In the next part of the series, the protection of webservers is explained. In this example I use Apache HTTPd webserver. Similar configurations are also available for e.g. nginx. There are various reasons for protecting the webserver itself (webapplications installed will be described in on of the next posts). Attackers are e.g. scanning the server for vulnariblties or try to attack the server using invalid input.

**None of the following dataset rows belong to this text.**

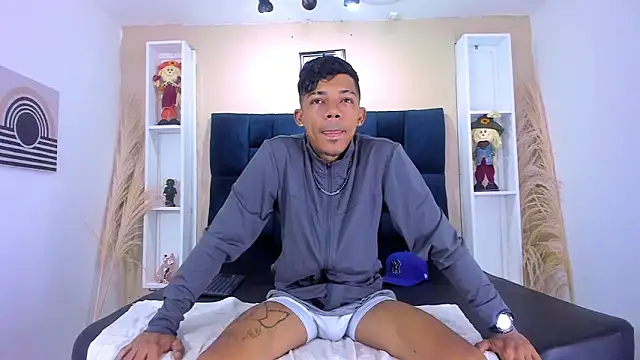 Snapshot of Gregory_Sforza chatting on 09-27-25, 01:16 Gregory Sforza online show from 09-27-25, 01:16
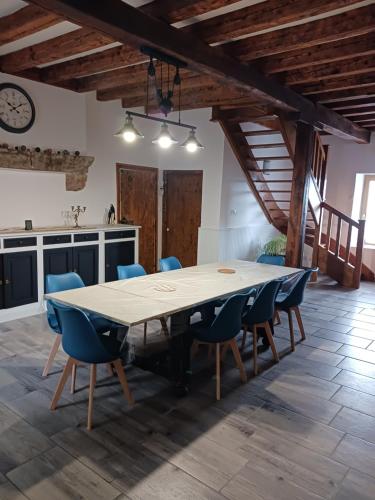 a kitchen and dining room with a table and chairs at Le Montolin in Tréteau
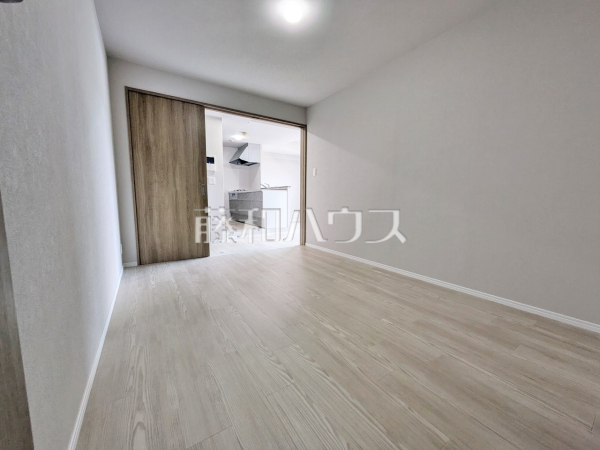 居室　【グローリアス春日井中央通】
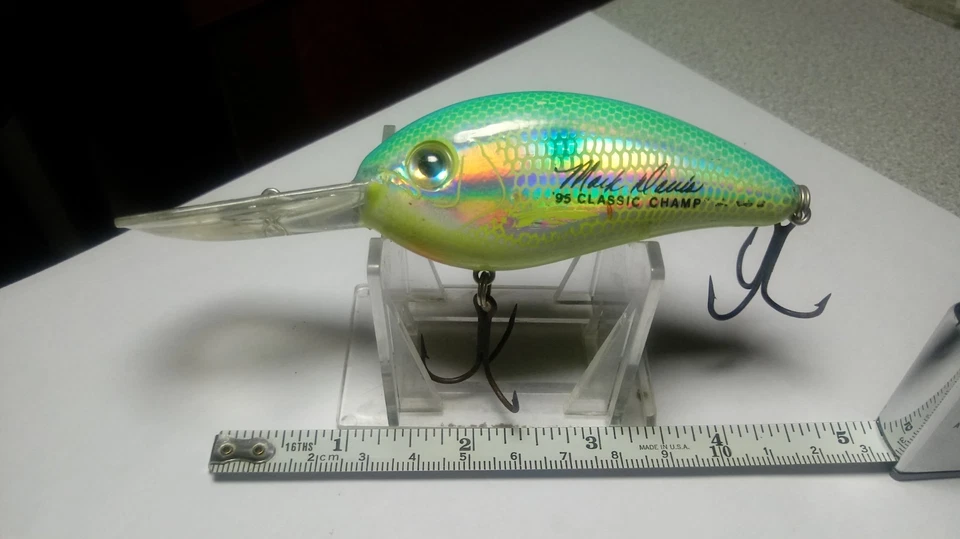 BOMBARDERO==RESISTENTE 2 FIRMA "SOMBRA LIBRE DE GRASA", CUERPO DE 3", 4 3/4" O.A. USADO, EXC. COND. Foto 1 de 4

HTTPd authorization failures
Overview
In case the pages are accessed without authorization, web servers can log failure messages like HTTP_UNAUTHORIZED, HTTP_METHOD_NOT_ALLOWED or HTTP_FORBIDDEN. Frequent error messages from the same URL can indicate an attacker trying to find a possibility to fool the web server. A typical error message could look like the following:
[auth_basic:error] [pid 1234] [client xxx.xxx.xxx.xxx] AH01617: user test123: authentication failure for "/test/file.html": Password Mismatch, referer: https://example.org/test/file.html
This can be handled using the apache-auth filter
Configuration
[apache-auth] port = http,https logpath = %(apache_error_log)s enabled = true
Overflow attacks
Overview
By sending invalid data, attackers can try to break into the server or the application running on it. An example log entry can look like the following:
[error] [client xxx.xxx.xxx.xxx] Invalid method in request \x80g\x01\x03\x01
In this case this someone or something tried to access a https page (e.g. port 443) using unencrypted connection, which would be usually handled via port 80.
Configuration
port = http,https logpath = %(apache_error_log)s maxretry = 2 enabled = true
Using of ModSecurity
Overview
ModSecurity is an OpenSource WebApplication Firewall which is available for different webservers including Apache HTTPd. Using configurable rules it identifies invalid application behaviour and blocks it. The also free available core rule set targets OWASP best practice and rules. ModSecurity needs to be configured and loaded – which I do not describe in this post. An example error entry could look like as follows:
TBD
Configuration
[apache-modsecurity] enabled = true port = http,https logpath = %(apache_error_log)s maxretry = 2
Shellshock
Overview
The Shellshock attack is one of the most serve attacks discovered in the recent past, allowing attackes to use vulnarable versions of bash to execute arbirariy commands – which can gain the attacker access rights to the sever. A good explanation on how the Shellshock attack works, can be found here.
A typical log entry could look like as follows:
TBD
Configuration
[apache-shellshock] enabled = true port = http,https logpath = %(apache_error_log)s maxretry = 1
Blocking unwanted bots
Overview
Some bots will visit your site crawling your content but they are known to crawl it to e.g. retrieve email addresses for spamming etc. Fail2ban maintains a list of bots marked as “bad” so you can easily restrict their access to your page.
Configuration
[apache-badbots] enabled = true port = http,https logpath = %(apache_access_log)s bantime = 172800 maxretry = 1
In this case the bandtime is set to 48h / 2days instead of the standard time of 24h / 1d as described in the basic configuration.
fake Google bots
Overview
Some bots pretend to be a Google bot, but the are not. On the one hand these bots try to hide there real identify what a “good” bot would not do. On the other hand some webapplications handle requests from Google differntly to e.g. give more access then a normal user would have. A typical log entry can look like as follows:
xxx.xxx.xxx.xxx - - [<date>] "GET /index.php HTTP/1.1" 404 5490 "-" "Mozilla/5.0 \(compatible\; Googlebot/2.1\; +http://www.google.com/bot.html\)"
Configuration
[apache-fakegooglebot] port = http,https logpath = %(apache_access_log)s maxretry = 1 ignorecommand = %(ignorecommands_dir)s/apache-fakegooglebot <ip> enabled = true
If activated, the filter handles each bot which pretends to be a Google bot as fake. To be able to allow the real Google bots to index the page, it calls the script /etc/fail2ban/filter.d/ignorecommands/apache-fakegooglebot executing a hostname resolution for the IP found in the log file. All Google bots belong to the domain “googlebot.com” – if this does not match, the found IP is a fake Google bot. Otherwise it is valid one and the IP is ignored and not banned.